Available data »
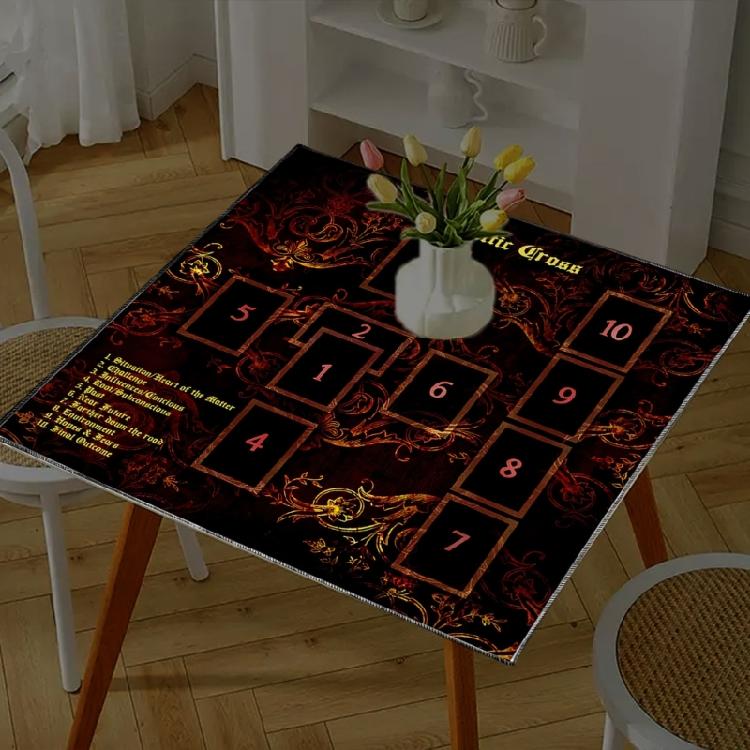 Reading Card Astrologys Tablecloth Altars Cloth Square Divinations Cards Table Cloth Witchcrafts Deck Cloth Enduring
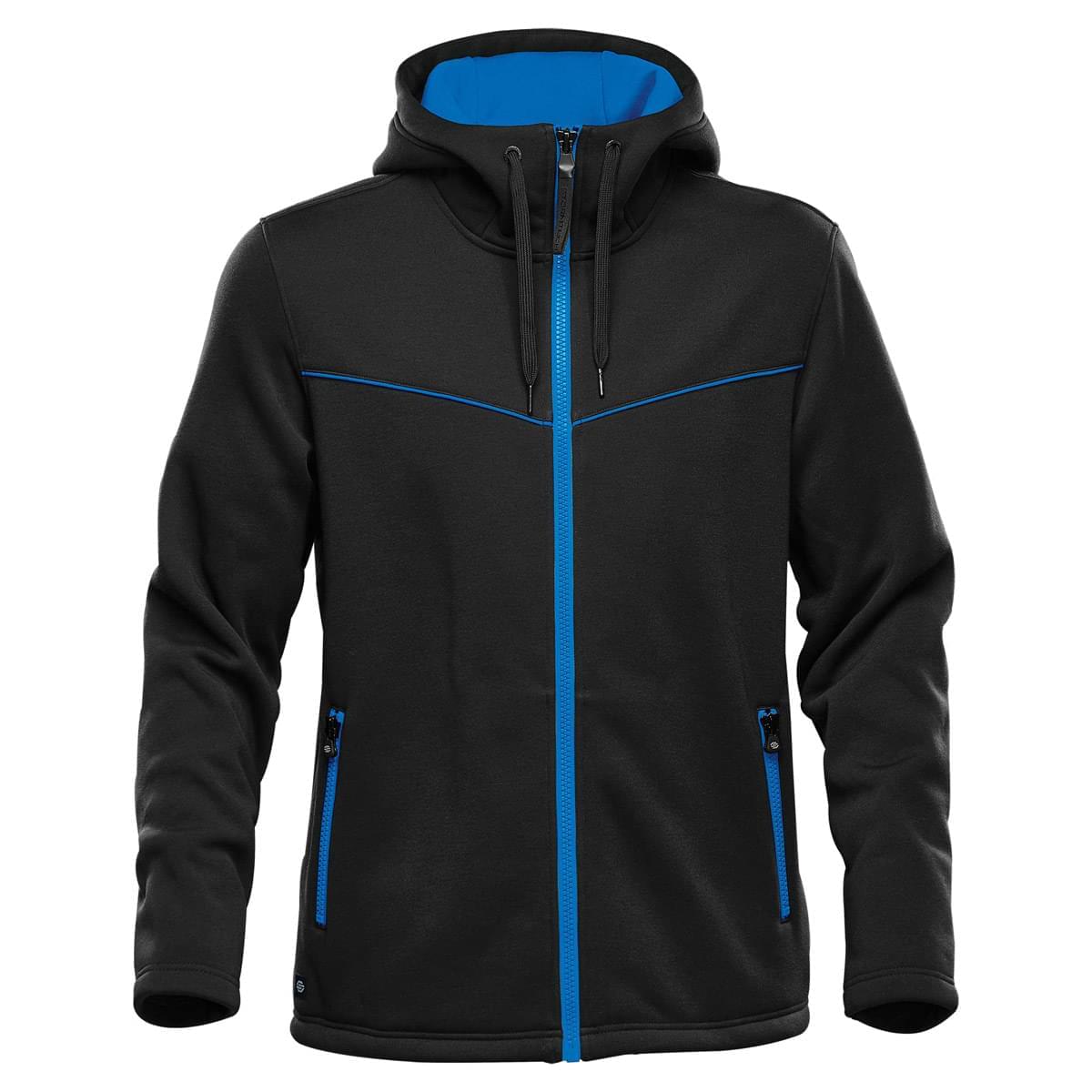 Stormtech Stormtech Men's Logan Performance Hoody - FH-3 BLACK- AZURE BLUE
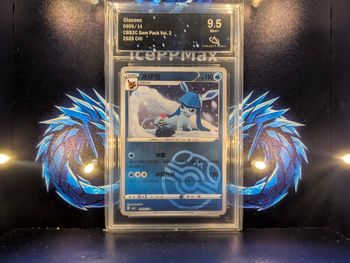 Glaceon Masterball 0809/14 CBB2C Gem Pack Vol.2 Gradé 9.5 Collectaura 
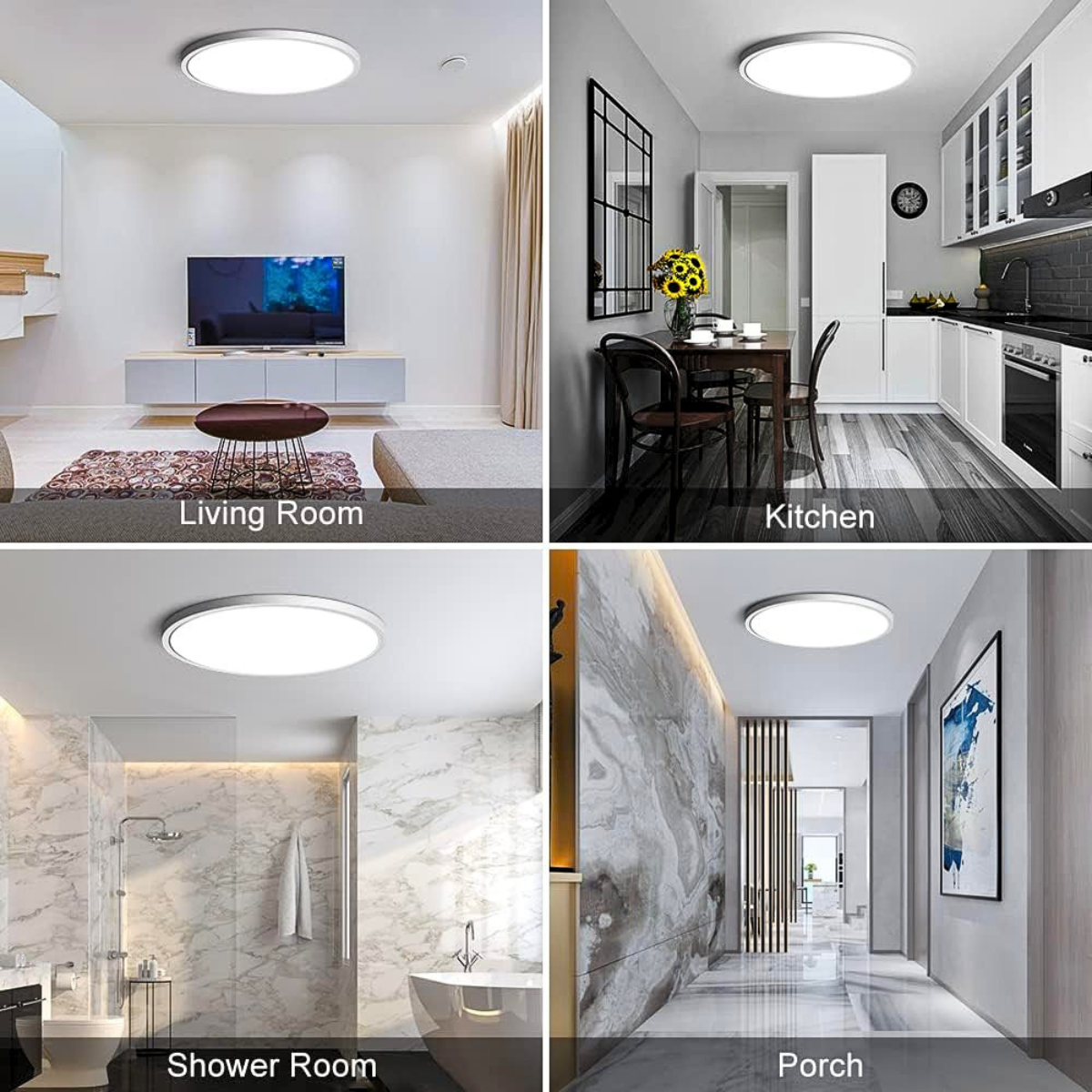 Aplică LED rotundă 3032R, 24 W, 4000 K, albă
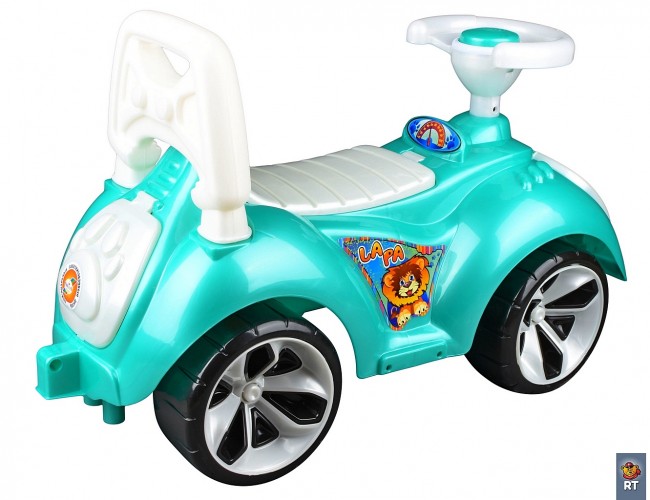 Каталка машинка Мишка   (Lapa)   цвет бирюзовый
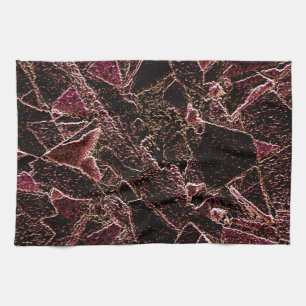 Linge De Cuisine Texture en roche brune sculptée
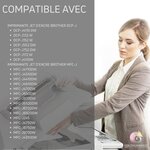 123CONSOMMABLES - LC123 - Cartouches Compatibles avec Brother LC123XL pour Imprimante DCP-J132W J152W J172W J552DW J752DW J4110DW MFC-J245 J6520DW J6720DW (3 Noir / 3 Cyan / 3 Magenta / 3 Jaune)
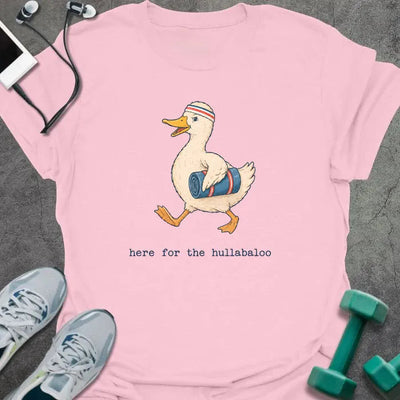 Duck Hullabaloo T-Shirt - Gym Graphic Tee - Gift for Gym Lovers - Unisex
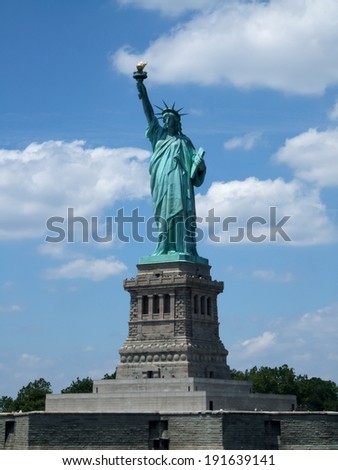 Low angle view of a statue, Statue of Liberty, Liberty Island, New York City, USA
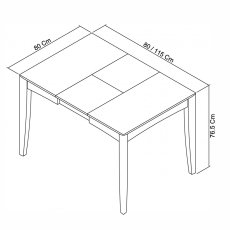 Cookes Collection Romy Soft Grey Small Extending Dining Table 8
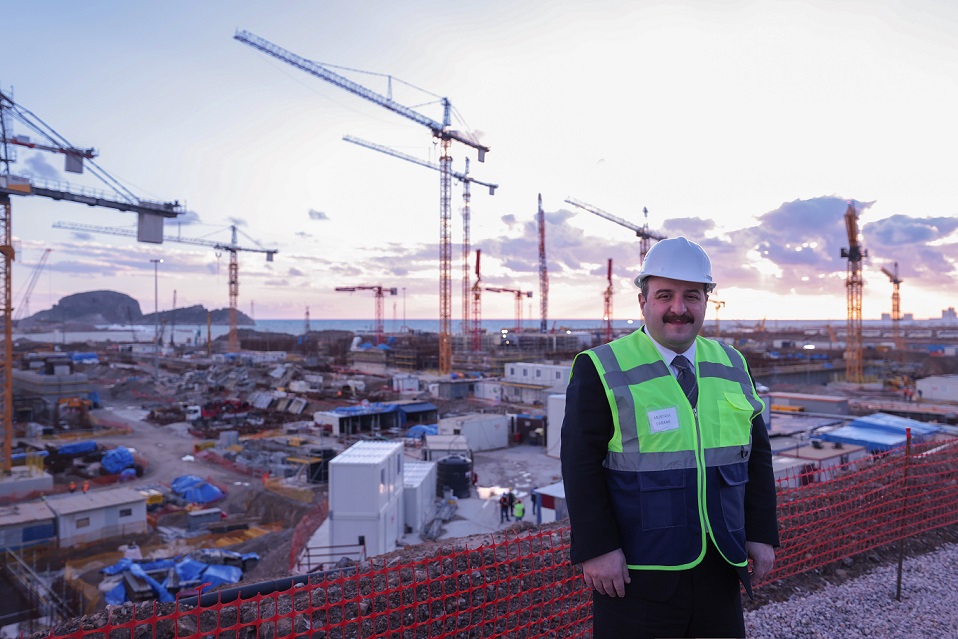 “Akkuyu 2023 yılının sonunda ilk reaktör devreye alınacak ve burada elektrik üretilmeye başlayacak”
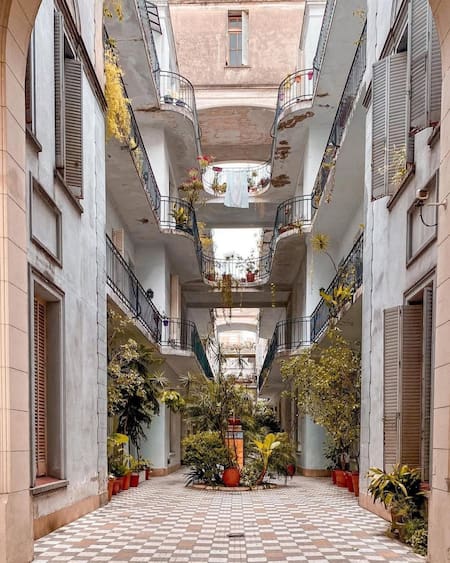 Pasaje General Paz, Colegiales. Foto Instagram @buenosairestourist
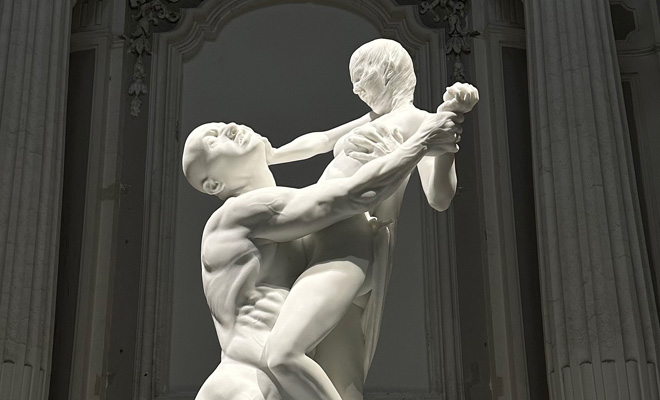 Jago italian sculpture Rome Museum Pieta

Work to be completed » Where an entry holds an image, drop the image and copy the remaining text exactly.

Exercise result »
 Reading Card Astrologys Tablecloth Altars Cloth Square Divinations Cards Table Cloth Witchcrafts Deck Cloth Enduring
 Stormtech Stormtech Men's Logan Performance Hoody - FH-3 BLACK- AZURE BLUE
 Glaceon Masterball 0809/14 CBB2C Gem Pack Vol.2 Gradé 9.5 Collectaura 
 Aplică LED rotundă 3032R, 24 W, 4000 K, albă
 Каталка машинка Мишка   (Lapa)   цвет бирюзовый
 Linge De Cuisine Texture en roche brune sculptée
 123CONSOMMABLES - LC123 - Cartouches Compatibles avec Brother LC123XL pour Imprimante DCP-J132W J152W J172W J552DW J752DW J4110DW MFC-J245 J6520DW J6720DW (3 Noir / 3 Cyan / 3 Magenta / 3 Jaune)
 Duck Hullabaloo T-Shirt - Gym Graphic Tee - Gift for Gym Lovers - Unisex
 Low angle view of a statue, Statue of Liberty, Liberty Island, New York City, USA
 Cookes Collection Romy Soft Grey Small Extending Dining Table 8
 “Akkuyu 2023 yılının sonunda ilk reaktör devreye alınacak ve burada elektrik üretilmeye başlayacak”
 Pasaje General Paz, Colegiales. Foto Instagram @buenosairestourist
 Jago italian sculpture Rome Museum Pieta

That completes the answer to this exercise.